The “Nairobi Process” began in October 2002 under the patronage of the subregional Inter-Governmental Authority on Development (IGAD) with international support, especially from the European Union and the United States. The discussions were so protracted—one can hardly blame the more than 400 self-appointed delegates from southern Somalia for not being especially eager to hurry home—that it took them just over two years to establish the TFG using the “4.5 formula,” according to which power was to be shared between four of the clan-families—Darod, Dir, Hawiye, and Digil/Rahanweyn (the Isaq, centered in Somaliland, discussed below, declined to participate)—with some space (the “0.5”) for minority groups. The “Transitional Federal Charter,” agreed to in October 2004, gave the “Transitional Federal Institutions” of government a five-year mandate. Heading up this structure was a Darod militia leader, Abdullahi Yusuf Ahmad, who had launched his political career with the proceeds of a $1 million ransom he had extracted from the Taiwanese after his militia seized the fishing trawler MV Shen Kno II in 1997.
It was not until June 2005, however—and then only under heavy pressure from its long-suffering Kenyan hosts—that the TFG finally moved to Somali territory. Even then, the putative government could not enter its own capital—it was then a battle zone between rival warlords—and settled instead in Jowhar, a provincial town safely north of Mogadishu, under the protection of a local warlord who belonged to the same Hawiye sub-clan as the then prime minister. When relations eventually soured with the warlord, the TFG was forced to move on and, in a turn of events that was especially humiliating in the Somali cultural context, was forced to take shelter among the Rahanweyn in the remote town of Baidoa, more than 250 kilometers from of the government’s putative capital. So undesirable was the location and reduced in its circumstances that it was nearly a year before the TFG could muster a quorum to convene its parliament in a converted barn.[16]

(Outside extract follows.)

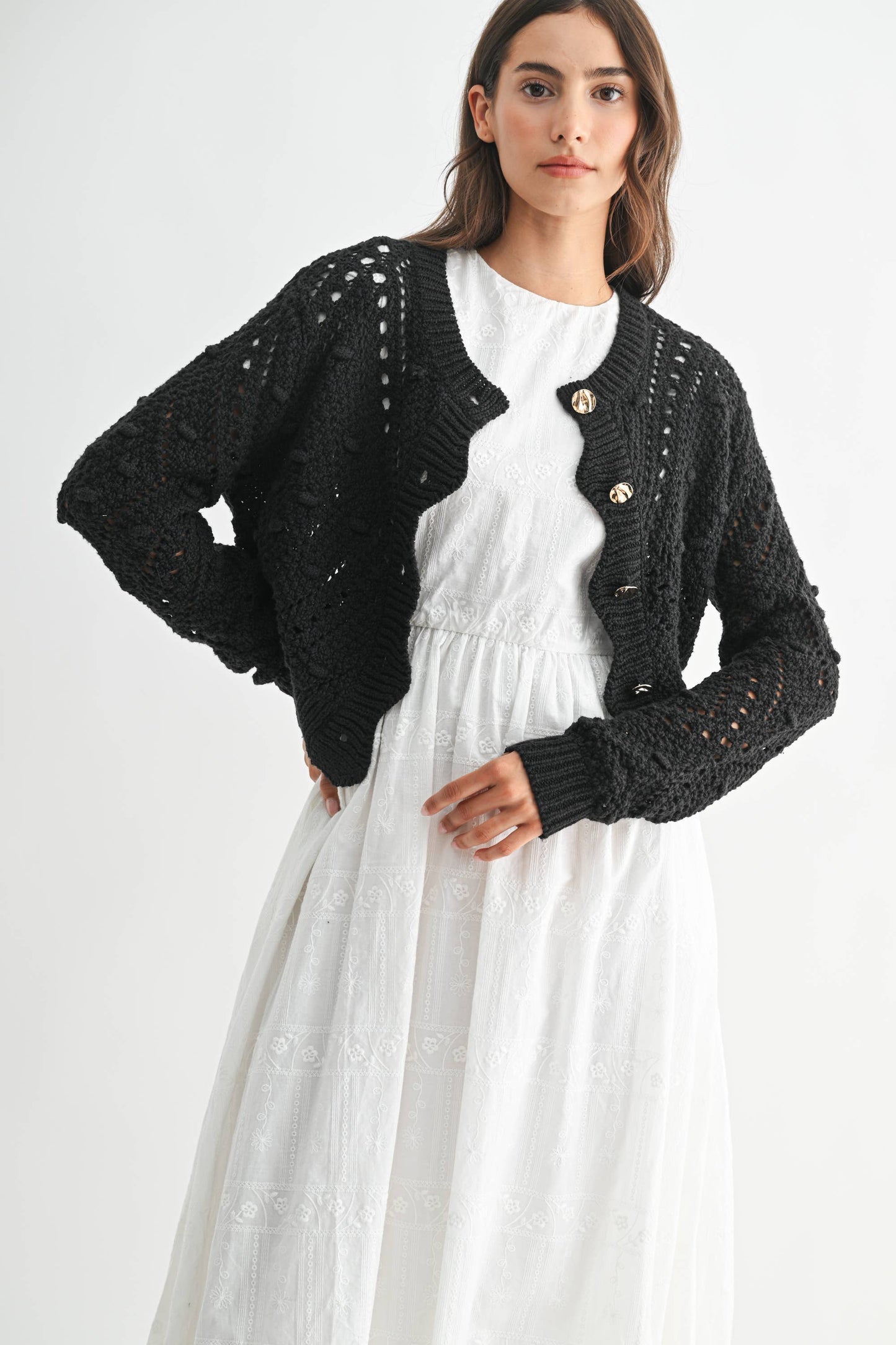 KNIT CARDIGAN WITH GOLD BUTTON DETAIL: LT. PINK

Meanwhile, a new force was emerging in Somalia, the Union of Islamic Courts, made up of the militias of the various local tribunals set up by the Islamists. The union took control of Mogadishu in June 2006, after defeating a ragtag coalition of warlords and business leaders hastily thrown together by the United States (presumably acting through the Central Intelligence Agency) under the rather ironic banner of the “Alliance for the Restoration of Peace and Counter-Terrorism.” The American intervention achieved the exact opposite of what was intended. The Islamists, far from being checked, actually prevailed and, for the first time since the fall of Siyad Barre, Mogadishu was united under a single administration. Moreover, the Islamists, who reorganized themselves into a governmental structure, the “Council of Islamic Courts” (CIC), quickly extended their control over much of southern and central Somalia, from the southern border of Puntland in the north to the Kenyan frontier in the south, leaving the TFG barely clinging on in Baidoa under the protection of the Ethiopian military.[17]

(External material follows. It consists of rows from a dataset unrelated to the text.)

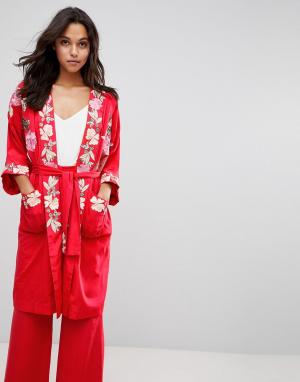 Пальто-кимоно с вышивкой Millie Mackintosh. Цвет: красный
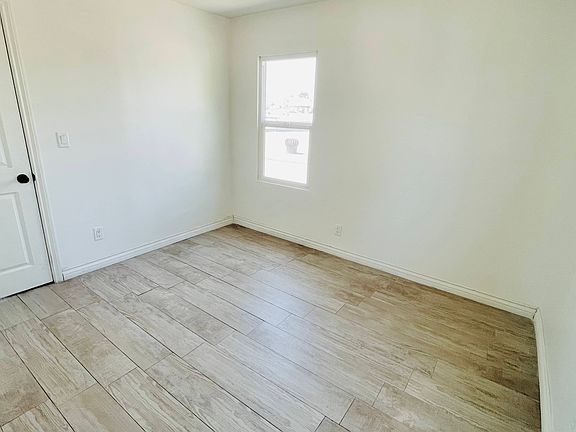 4th image of 3935 Tweedy Blvd #A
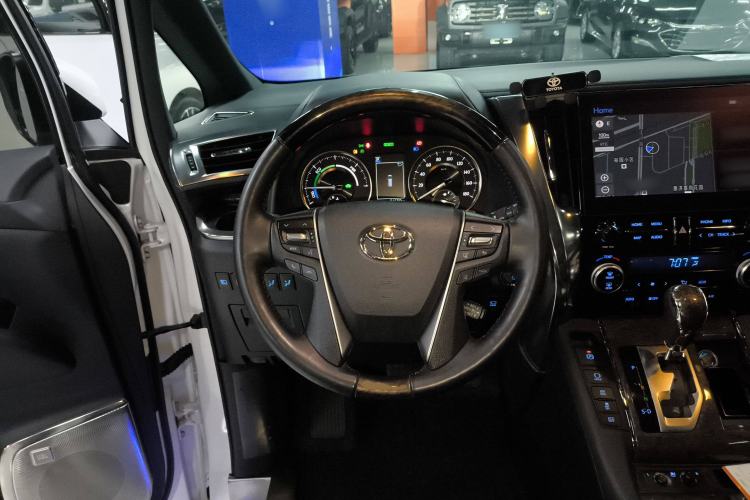 Used Toyota Alphard 2021 Dual-Engine 2.5L Prestige Edition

The CIC was, in many respects, a mixed blessing for most Somalis. The Islamists cleared away the roadblocks that had been set up by rival militias over the years and reopened the port of Mogadishu. They organized some rudimentary services, including the first municipal garbage collection in nearly two decades. On the other hand, these improvements went hand-in-hand with the imposition of Islamic strictures that were quite alien to the Somali experience of the religion, including a ban on watching the 2006 FIFA World Cup, which the CIC deemed “un-Islamic.”[18]
The Ethiopians were wary of the CIC given their own earlier experiences with Somali Islamism, especially al-Itihaad al-Islamiya (“Islamic Union”), a group established in the early 1980s which sought the creation of an expansive “Islamic Republic of Greater Somalia” and eventually a political union embracing all Muslims in the Horn of Africa,[19] which would have included large swaths of Ethiopian territory. Therefore, it was not surprising once many of the same extremists emerged in positions of authority in the CIC that neighboring Ethiopia was alarmed by the rapid rise of the Islamists in Somalia. When a CIC attack on the TFG in Baidoa, which was being protected by Ethiopian units, provided a pretext, Ethiopian Prime Minister Meles Zenawi launched a full-scale military intervention on Christmas Eve 2006. The heavily-armed and well-trained Ethiopians quickly destroyed the CIC’s forces, whose commanders made the mistake of deploying in open country where their units were slaughtered by the invaders. The TFG then rode the Ethiopians’ coat-tails into Mogadishu.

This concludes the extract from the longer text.